Thornley talked about Oswald on WDSU TV, and followed up that appearance in the New Orleans States Item, in which Thornley called Oswald a “real loser” and “a little psychotic.” It was as if Thornley’s job was to smear Oswald while distancing himself from his fellow marine, because Thornley’s media appearances contradict what he told WSHO Radio program director Cliff Hall. According to Jim DiEugenio, after the WDSU interview “Thornley and Hall went out for a drink. Thornley now admitted that he had seen Oswald since the service. It was in New Orleans. Hall asked him if he knew Oswald well and he said yes he did,” DiEugenio wrote.

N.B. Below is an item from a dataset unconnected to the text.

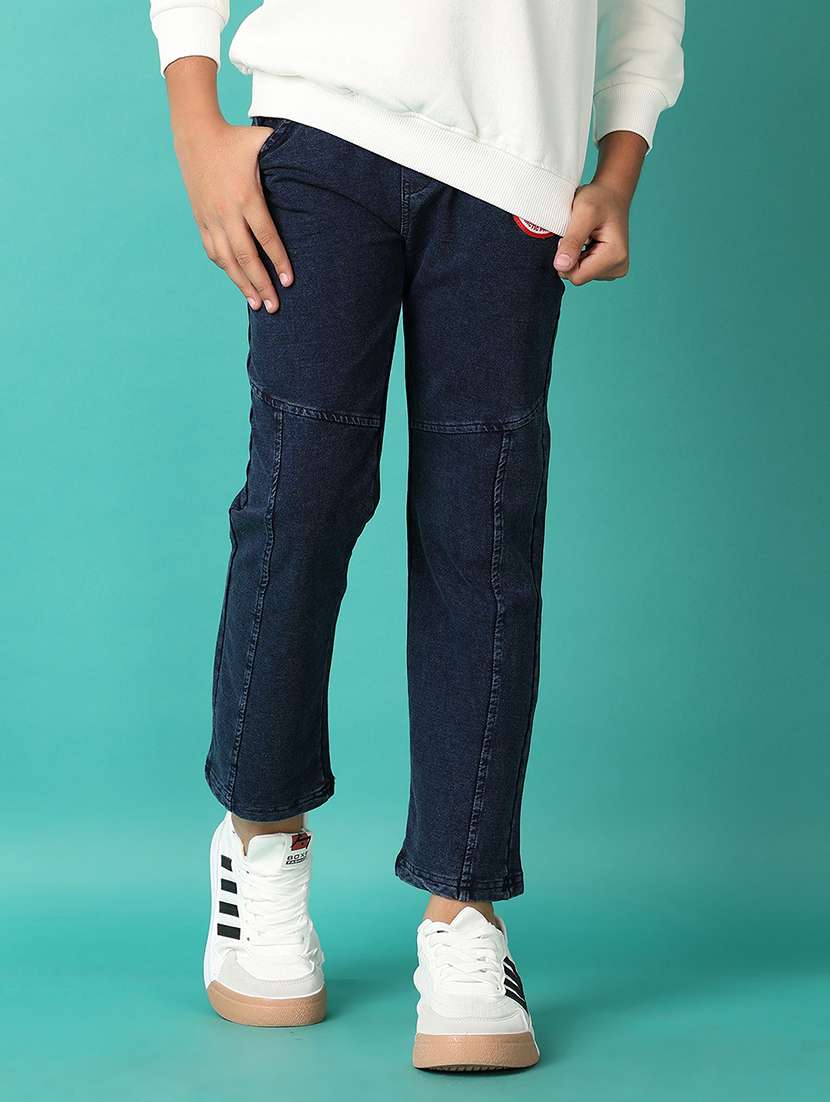 men solid relaxed fit jeans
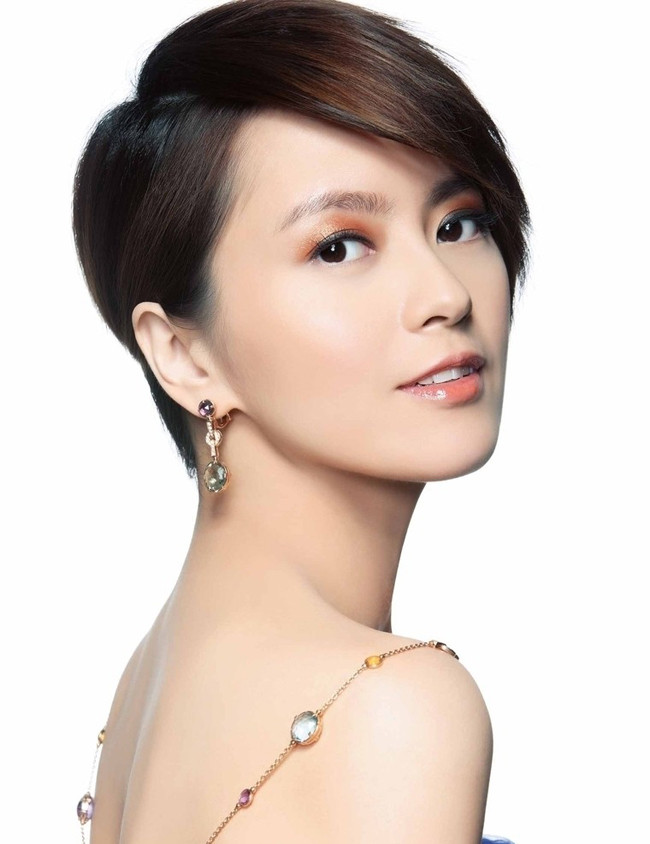 4. Lương Vịnh Kỳ Lương Vịnh Kỳ sinh ngày 25/3/1976 Cô tốt nghiệp khoa thiết kế đại học bách khoa Hồng Kông nhưng lại theo nghề ca hát, diễn xuất. Từ khi còn rất nhỏ Lương Vịnh Kỳ đã thể hiện năng khiếu ca nhạc và diễn xuất của mình. Chính vì vậy ngay khi có điều kiện là cô tham gia ngay vào các buổi biểu diễn và đóng phim. 4. Lương Vịnh Kỳ Lương Vịnh Kỳ sinh ngày 25/3/1976 Cô tốt nghiệp khoa thiết kế đại học bách khoa Hồng Kông nhưng lại theo nghề ca hát, diễn xuất. Từ khi còn rất nhỏ Lương Vịnh Kỳ đã thể hiện năng khiếu ca nhạc và diễn xuất của mình. Chính vì vậy ngay khi có điều kiện là cô tham gia ngay vào các buổi biểu diễn và đóng phim.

All of this takes us back to room 19 of the Alamotel on November 23 when Ferrie called the New Orleans stations. If the telephone calls had to do about Oswald or the assassination, why would Ferrie care? In just two days he’ll deny to authorities even knowing Lee Oswald. Or did Ferrie have more at stake than meets the eye? Was he calling both WSHO and WDSU to ensure Thornley got his time on the air to sully Lee Oswald?
After all, on the night Oswald passed out FPCC pamphlets, conveniently filmed by WDSU-TV, he was visited by another Cuban exile and Bringuier associate, Carlos Quiroga. In 1967, when Jim Garrison investigators talked with Quiroga, according to Garrison staffer Frank Klein and quoted in Dick Russell’s The Man Who Knew Too Much, “[Quiroga] believed that we were investigating the assassination of President Kennedy with relation to David Ferrie.”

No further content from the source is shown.